The year 2012 can feel like a bad dream. With questionable fashion choices and poor life decisions, most of us may prefer to forget that year. But if we do sink back into the depths of our memory, 2012 did have one highlight, and that was the apparent end of the world, getting so much attention it even got a movie. Sadly, that didn’t actually happen, but many still have hope.
If a person was to Google “end of the world”, they could find seemingly endless lists of possible apocalyptic events and countdowns to the end of the world. However, none of the theories are the same. Some say the world will end in a thousand years, some in fifty, and one even predicts it will end tomorrow. They all cite different evidence to support their claims. The main evidence people find for the end of the world is through religion. Every religion has predicted the end of the world, and many people have deeply analyzed religious text and come up with what they believe to be the exact day of the apocalypse. The most common religious prediction for the end of the world is Jesus’ second coming, which has been predicted time and again through the centuries. Others simply just get a feeling.

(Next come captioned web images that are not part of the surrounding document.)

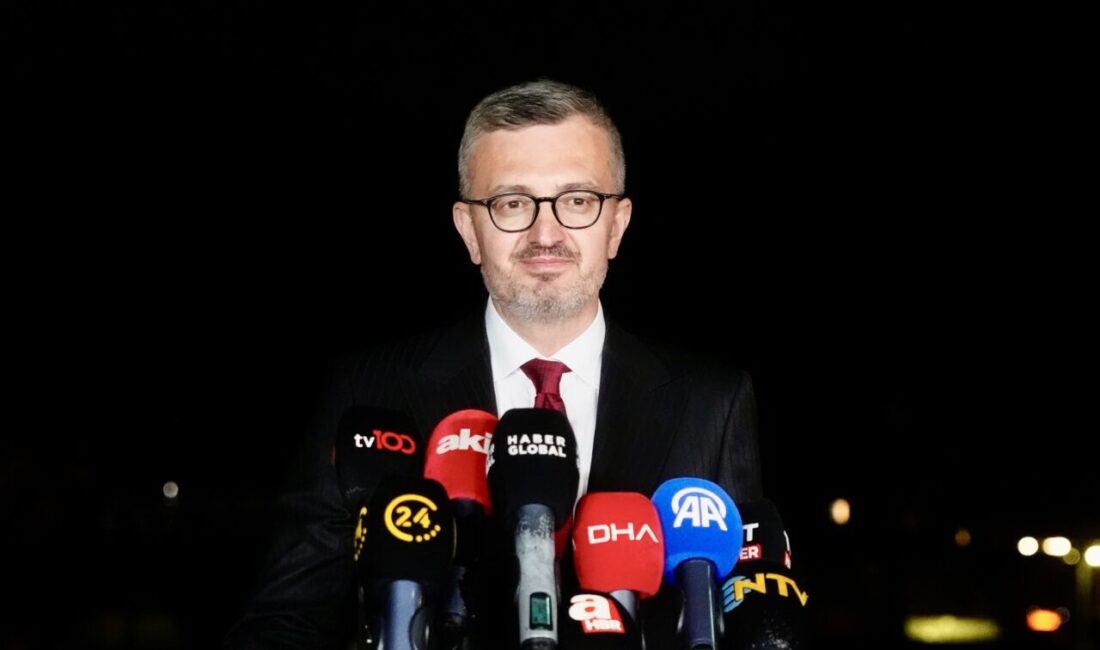 - Kentin farklı noktalarındaki tarihi simge yapılar üzerine lazerle yansıtılan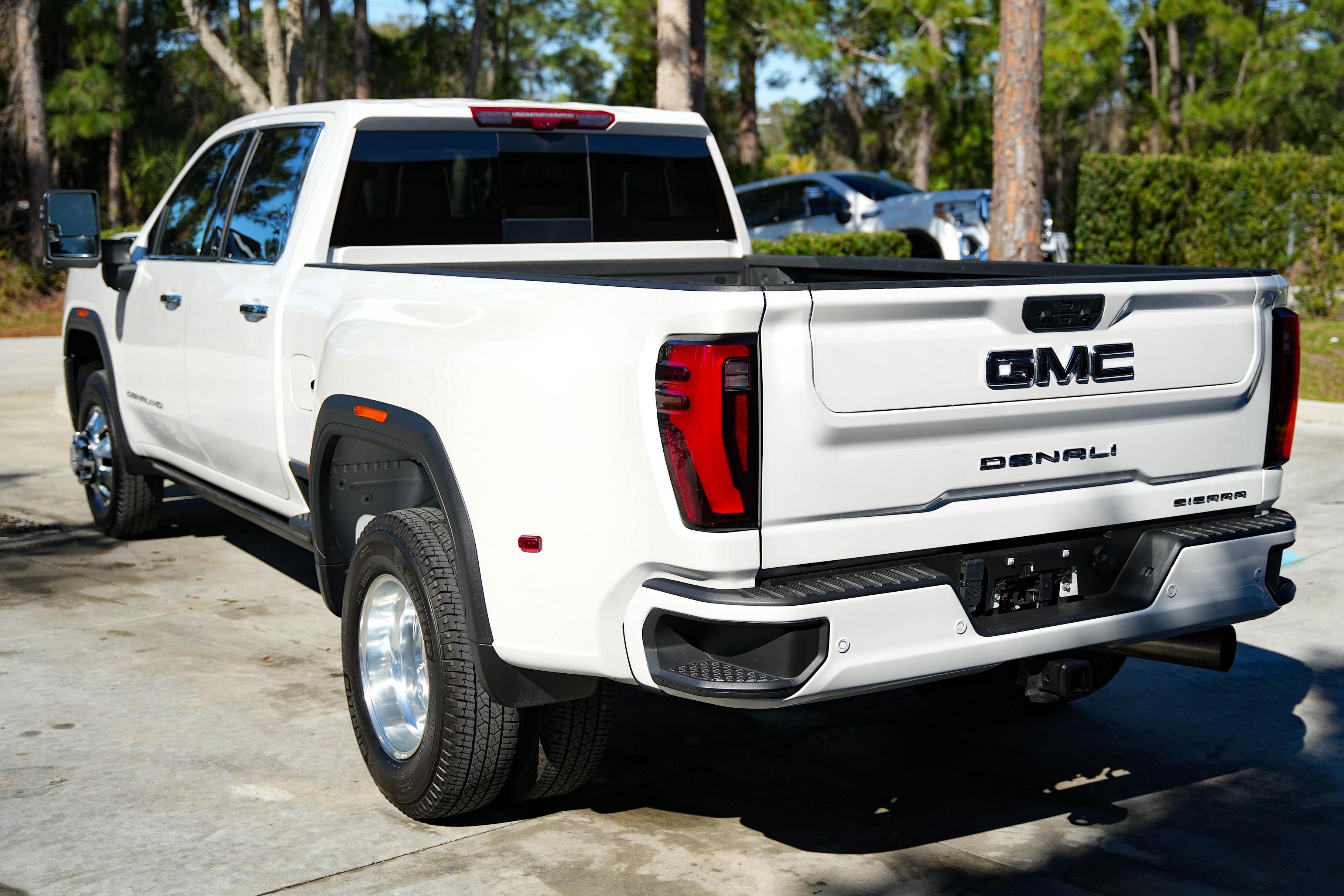 2024 GMC Sierra 3500HD Denali Ultimate Crew Cab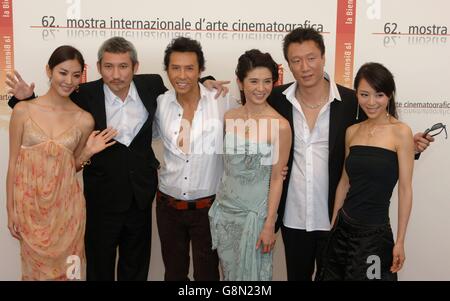 (Da L a R) Kim so Yeun, direttore Tsui Hark, Donnie Yen, Charlie Young, Sun Honglei e Zhang Jingchu. Foto Stock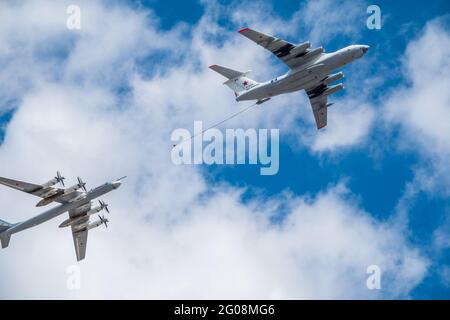 Moscou, Russie - 05 mai 2021 : le groupe de bombardiers stratégiques de l'aviation à longue portée Tu-95ms et le pétrolier il-78m survole la place Rouge Banque D'Images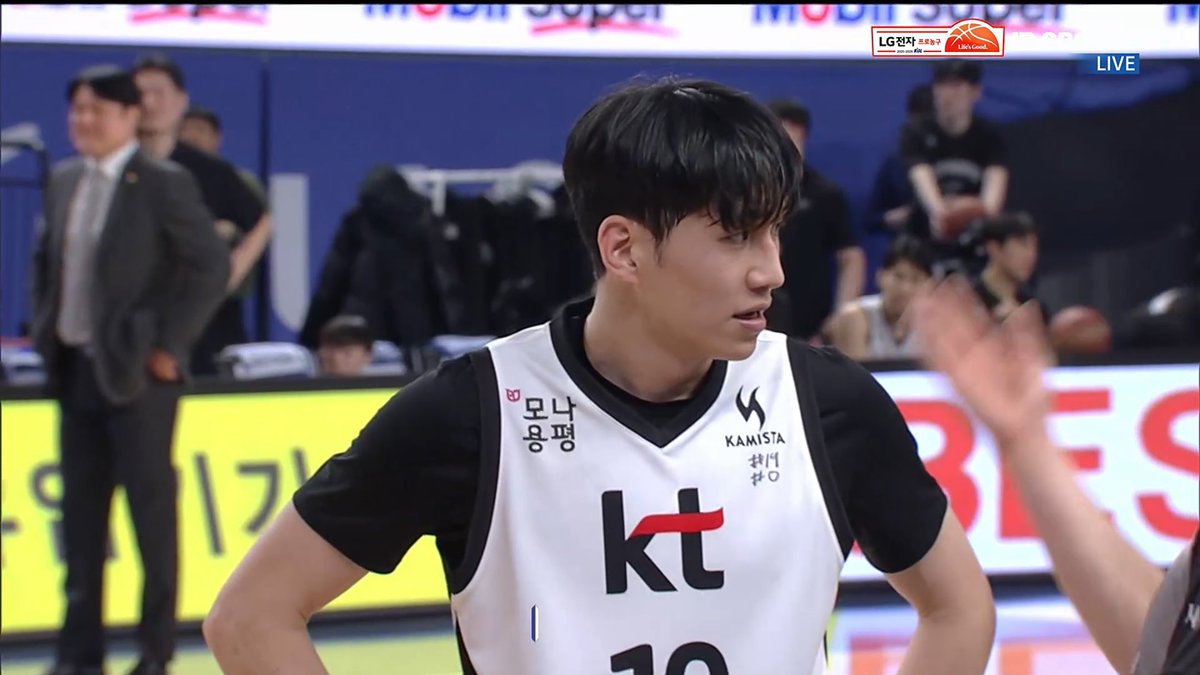 곤님 유니폼에 윤기굴랑이 ㅜㅜ #0 #19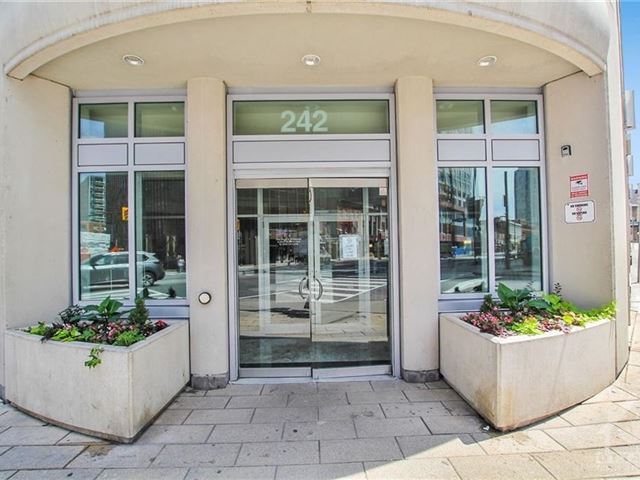 Claridge Plaza Phase 3 - 506 242 Rideau Street - photo 3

The most popular theory right now is the prediction by Jeane Dixon that says the world is going to end on January 1st, 2020. Dixon is a self proclaimed psychic and astrologer and is well known for her astrological predictions. Other theories place the end of the world in 2021, 2026, 2129, and more.

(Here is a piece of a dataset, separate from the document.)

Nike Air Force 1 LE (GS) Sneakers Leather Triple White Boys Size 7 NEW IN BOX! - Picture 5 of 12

But does the average person believe that the end of the world is coming, or do you have to be a self certified astrology professional to believe? Apparently, many people do believe that the world will end, just not in the near future or because of some form of apocalyptic monster. Chloe Thompson, a sophomore says “I think that climate change is going to be the end of the world.”
That is a popular theory going around right now, many people claiming that carbon emissions caused by humans will lead to the end of the world. Many people on the internet even say that the end could begin in 50 years if humans continue on their current path.
Sophomore Evee White, however, takes a bit more of a unique opinion. “I think the world is just going to fall apart, like sand.” That is one theory that doesn’t seem to exist yet, but who’s to say that makes less sense than any other theory.
Neither of them think that the world will end in 2028, and they didn’t believe it back in 2012 either. They might not be quite as fanatic as other people, but like most people, they both hold a firm belief that it will end someday; they just don’t know when.